“İstanbul Sözleşmesi İçin Her Şey Bitmiş Değil”

Your browser doesn’t support HTML5

Eşinden şiddet gören Nahide Opuz’un davasını Avrupa İnsan Hakları Mahkemesi'ne (AİHM) taşıyarak İstanbul Sözleşmesi’ne giden yolun ilk adımını atan Avukat Mesut Beştaş, Danıştay’ın yürütmeyi durdurma talebini reddetmesinin son adım olmadığını söyledi.

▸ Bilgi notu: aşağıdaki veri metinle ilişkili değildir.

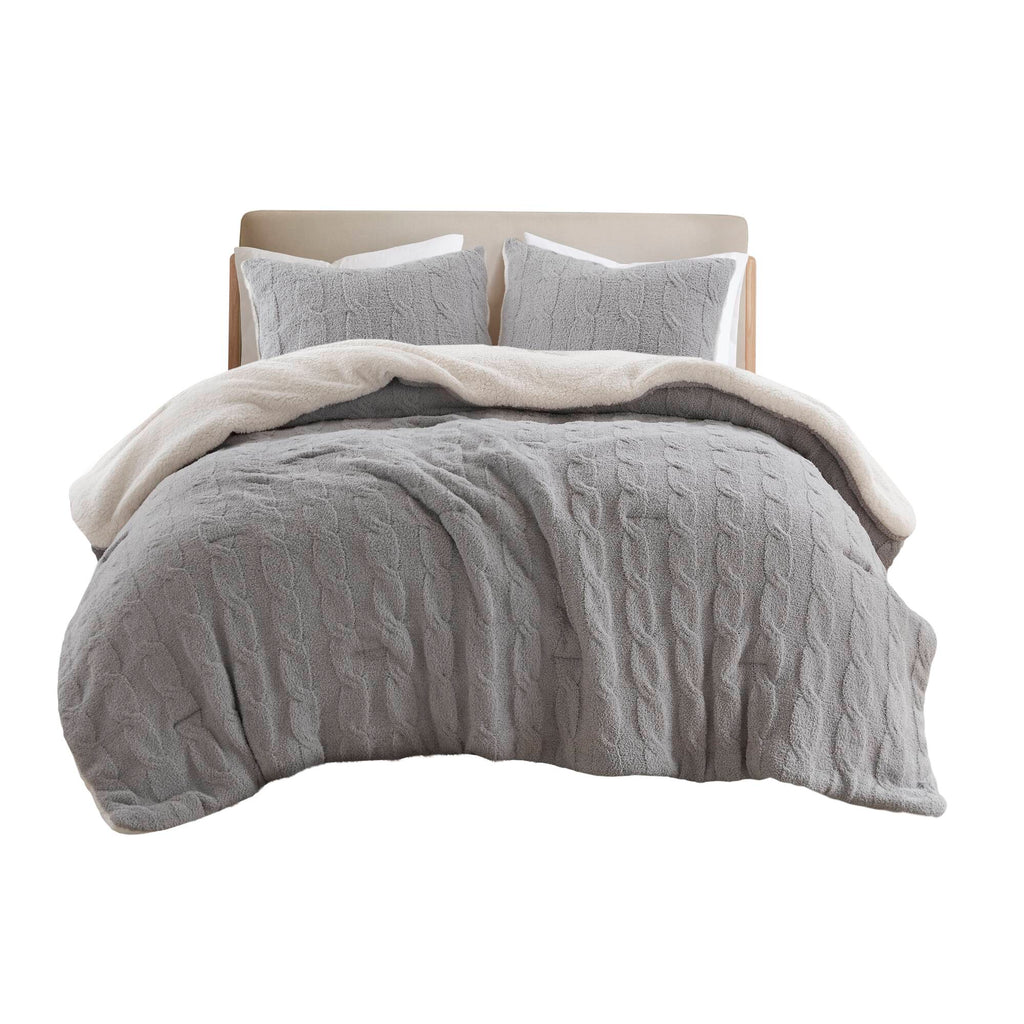 Bed Comforter, Riordan Waffle Knit Chenille Set, Machine-Washable Care for Everyday Bedding and Comfortable Sleep, 3 Sizes and 4 Colors image 29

Beştaş, Danıştay’ın uygulamayı iptal etmesi halinde sözleşmenin yeniden hayata geçebileceğini savundu. Nahide Opuz’un hem Türkiye’de hem de AİHM’de avukatlığını yapan Mesut Beştaş, Danıştay’ın yürütmeyi durdurma kararını VOA Türkçe’ye değerlendirdi.

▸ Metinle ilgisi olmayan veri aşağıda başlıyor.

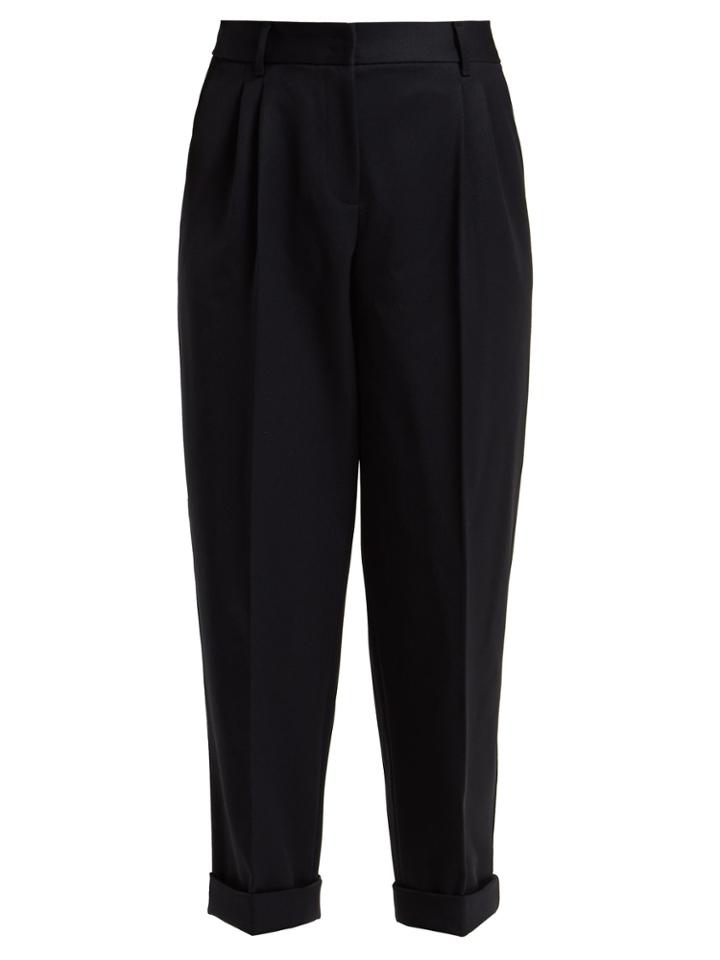 Dolce & Gabbana Straight-leg Wool Cropped Trousers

Beştaş, kararın İstanbul Sözleşmesi’nde emeği olan herkesi hayal kırıklığına uğrattığını söyledi. Sözleşmeye katkı sağlayan herkesin tepki göstermesi gerektiğini söyleyen Beştaş, “Beklenmeyen bir karar karşılığı çıkınca doğal olarak hisler de hayal kırıklığı oldu. Ben bu soruna bakarken hukuki değerlendirmeyle, biraz farklı yanlarından değerlendirilmesi gerektiğine inanıyorum. Öncelikle birçok kadın kuruluşu, tek tek kadınların, sadece kadınlarla sınırlı değil, kadınların korunması gerektiği yönünde düşüncesi, fikri olan kurum, kuruluş ve bireyler için bunu görmek üzücü. Beklemediğimiz bir karardı. Bana göre esas açısından da hukuka aykırı bir karardır. O yüzden eleştirmek gerektiğini inanıyorum. Sözleşmenin imzalanmasına öyle ya da böyle emeği, katkısı olan herkesin eleştirmesi, buna karşı tutum geliştirmesi gerektiğini düşünüyorum” dedi.

“Her şey bitmiş değil”

Beştaş, Danıştay’ın red kararının son olmadığını söyledi. Danıştay’da hem yürütmenin durdurulması hem de alınan kararın iptal edilmesine ilişkin dava olduğuna dikkat çeken Beştaş, iptal davasının hala sürdüğünü söyledi. İstanbul Sözleşmesi'nin yarın yürürlükten kalkacağını ancak mahkemenin Cumhurbaşkanlığı kararını iptal etmesi halinde sözleşmenin yeniden hayata geçebileceğini savundu. Beştaş’a göre iptal davasından karar verilene kadar geçecek sürede yapılacak uygulamalar hukuken geçerli olacak. Danıştay, Cumhurbaşkanlığı kararını iptal ederse sözleşme tekrar yürürlüğe girecek. Ancak aksi yönde karar verirse, başka bir düzenlemeye gerek kalmayacak

AYM ve AİHM’e taşınabilir

Beştaş, Cumhurbaşkanlığı iptal kararının yeniden Anayasa Mahkemesi ve AİHM’e taşınabileceği görüşünde. Beştaş, bu görüşünü şöyle savundu: “Kişisel düşüncem bu sözleşme insan haklarına yöneliktir, kadına yönelik şiddet ve aile içi şiddeti reddeden, ortadan kaldırmaya çalışan sözleşmedir. Bu yönüyle kuşkusuz idari merciler, Cumhurbaşkanı tarafından ortadan kaldırılması hukuka uygun olmadığı şüphesi varsa Anayasa Mahkemesi'ne, oradan da Avrupa İnsan Hakları Mahkemesi'ne götürülebilir. Bu çerçevede gerek Anayasa Mahkemesi'nin vereceği ihlal kararı gerekse Avrupa İnsan Hakları ihlal kararı vermesi durumunda Danıştay dışında bu sözleşmenin tekrar yürürlüğe girmesi mümkündür.”